After 2 months of this conceptual and prototypical work the different application components and their interfaces became clear and were fairly well specified. A security expert joined the team and the IT development team was brought up to 6 people during the realization phase. At this point it was possible to start a parallel development of the components in order to keep on schedule. The business people helped a lot during realization by continually using intermediate releases to configure the first concrete projects and their feedback and experiences were used to further enhance and streamline the application. This method was like a continuous approximation of a final solution through iterative and incremental steps. The generic software modules were also incrementally validated and the whole project team got a good feeling being on the right path.

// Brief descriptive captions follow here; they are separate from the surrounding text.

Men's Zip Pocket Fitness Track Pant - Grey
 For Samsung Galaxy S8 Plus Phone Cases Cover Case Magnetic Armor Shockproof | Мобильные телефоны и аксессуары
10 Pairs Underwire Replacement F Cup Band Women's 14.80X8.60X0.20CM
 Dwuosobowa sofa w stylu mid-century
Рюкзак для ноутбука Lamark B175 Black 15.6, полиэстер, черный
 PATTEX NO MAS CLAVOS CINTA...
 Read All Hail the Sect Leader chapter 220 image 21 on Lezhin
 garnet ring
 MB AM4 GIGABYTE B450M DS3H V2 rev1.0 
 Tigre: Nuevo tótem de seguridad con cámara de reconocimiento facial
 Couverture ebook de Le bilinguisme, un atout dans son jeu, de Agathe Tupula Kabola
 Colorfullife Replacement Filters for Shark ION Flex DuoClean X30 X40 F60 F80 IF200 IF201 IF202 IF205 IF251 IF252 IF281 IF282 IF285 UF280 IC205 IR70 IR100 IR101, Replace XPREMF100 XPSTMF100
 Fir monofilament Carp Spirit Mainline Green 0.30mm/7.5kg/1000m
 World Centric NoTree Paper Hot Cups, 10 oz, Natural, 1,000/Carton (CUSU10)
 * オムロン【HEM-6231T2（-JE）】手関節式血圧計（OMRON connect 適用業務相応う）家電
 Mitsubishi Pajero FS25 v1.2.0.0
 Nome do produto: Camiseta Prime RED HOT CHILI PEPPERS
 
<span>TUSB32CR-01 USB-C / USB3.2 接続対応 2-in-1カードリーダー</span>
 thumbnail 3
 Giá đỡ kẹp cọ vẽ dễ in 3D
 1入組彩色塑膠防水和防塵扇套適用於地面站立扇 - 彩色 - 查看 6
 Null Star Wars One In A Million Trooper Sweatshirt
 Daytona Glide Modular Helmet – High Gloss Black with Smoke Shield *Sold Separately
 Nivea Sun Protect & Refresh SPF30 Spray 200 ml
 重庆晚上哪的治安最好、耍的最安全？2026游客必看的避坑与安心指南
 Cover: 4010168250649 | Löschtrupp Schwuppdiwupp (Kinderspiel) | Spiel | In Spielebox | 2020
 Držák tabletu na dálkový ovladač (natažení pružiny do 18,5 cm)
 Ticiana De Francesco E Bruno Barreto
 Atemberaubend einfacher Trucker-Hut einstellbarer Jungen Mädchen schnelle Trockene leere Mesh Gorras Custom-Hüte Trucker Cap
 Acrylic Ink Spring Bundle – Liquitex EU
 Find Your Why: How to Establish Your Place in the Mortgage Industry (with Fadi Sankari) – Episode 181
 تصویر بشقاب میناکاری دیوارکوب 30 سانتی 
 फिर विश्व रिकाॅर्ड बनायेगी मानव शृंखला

The team finished a first version in exactly 6 months, which was the originally planned schedule; the positive pressure of the first surveys, which had to use this application toolset, was essential in achieving this goal.

Putting things together, it can be said that the main key success factors were

  • Putting together experienced business and IT people with experience in the domain of Internet surveys together in one small team.
  • Flexible and extensible meta modelling with UML
  • Prototypical approach to master complexity from the very beginning
  • Initial focus on specific business surveys with specific statistical projects as “clients” helped to establish concrete real world requirements
  • Consequent incremental and iterative development in which the solution grew continually through small steps and approximations to a first productive version.
  • This incremental approach was continued also after the first version and in this way the system was continuously released in intermediate releases which were triggered by the requirements of the increasing number of participating surveys.

The prototypical approach at the beginning based on conceptual models and the incremental and iterative development of the applications with the immediate quality checks from the business users had a tremendous impact on the motivation of all people involved in this project, because they really felt that things were evolving in the right way. The system is now over one year in production, new features have been introduced and the maturity of the environment proven in 10 surveys that have been realized with this environment.